Later post-medieval candle-holders
We have a few slightly later sockets with a neo-classical appearance; these may be later 17th or 18th century. Copper-alloy versions are shaped a little like a classical urn, with curved sides. Lead-alloy (perhaps pewter) versions have relief decoration.
Some of these sockets may be from saucer-type candle-holders (also known as chambersticks). These are short candle-holders with wide flat bases, stable on a bedside table and easily carried about.
Saucer-type candle-holders were certainly in use in the 17th century, when they had flat projecting handles like little frying pans; we do not have any of this type yet identified on the PAS database, but there is a mid 18th century illustration of one in the British Museum.
The PAS database does have some later looped handles from saucer-type candle-holders, dating perhaps to the 18th to 20th centuries. These have a flat circular or oval plate which formed a thumb-rest, and one or two projections which may have joined the handle to the saucer (check these for breaks).
All certain examples of these loops have undecorated thumb-rests. There are some examples (e.g. SWYOR-8AC357 and FAKL-C674F7) which look a little earlier, and have decorated thumb-rests opposite the scar of an attachment; these may be from candle-holders, but also may be finger-ring pipe tampers which have lost their tamping end.
A ceramic version of the 1770s in the British Museum provides dating evidence (1921,1215.139.CR).

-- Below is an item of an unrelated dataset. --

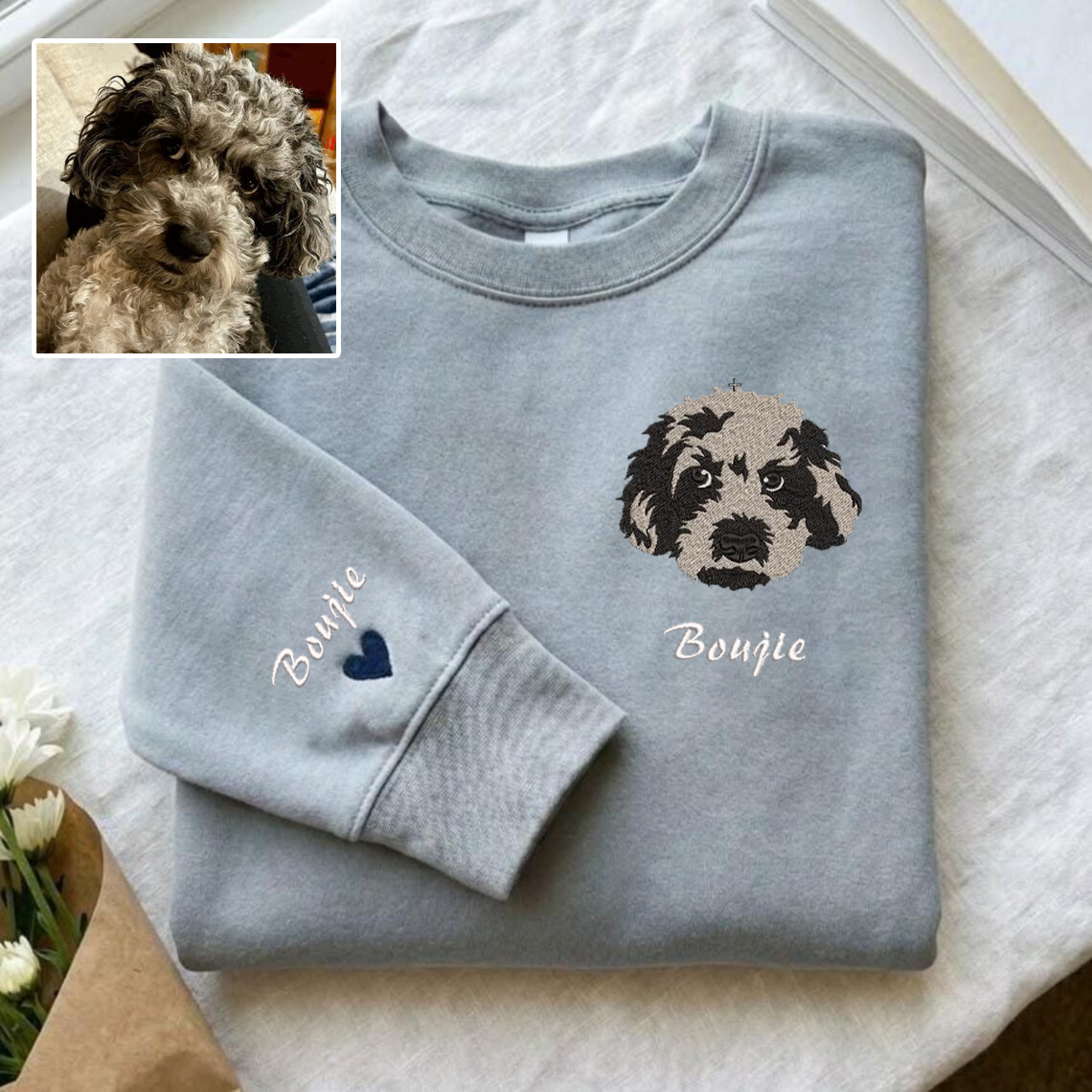 Valentine Personalized Embroidered Pet Photo Hoodie Sweatshirt T-Shirt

Ejectors are an easily recognisable part of a post-medieval candle-holder. The candle-holder had a long socket with a slot, which could be used to hold a tall candle which was pushed up with the ejector. When recording one, add ‘ejector’ to the Classification field.
Some ejector handles can be oval, sometimes inscribed with initials. Others are simple knobs, which can be hard to recognise. The most recognisable ones, and the commonest on the PAS database, have an openwork trefoil of three circular loops.
A screw thread on the shaft of the ejector helps to identify an object as an ejector, but if this is missing then the general shape of the object and its size (15-25mm wide) can help. The holes tend to be bevelled on one face and with right-angled edges on the other, and there is often a short flaring collar between the trefoil and the shaft.
Bangs suggests that the trefoil type of ejector dates from the second half of the 17th century onwards (Bangs 1995, 145-146, 326; no. 121) but they seem to have become more common in the 18th century.
There are several lead-alloy toy candle-holders in the Museum of London, catalogued in Forsyth and Egan 2005, 181-3. The earliest date to the 17th century, although Forsyth and Egan suggest that there may be occasional earlier examples. The bases are generally 24-40mm in diameter and the candle-holders 40-60mm tall.
We have more than a dozen toy candle-holders now recorded on the PAS database. They are recorded as TOY, and should have ‘candle holder’ in the Classification field. This search should find all examples.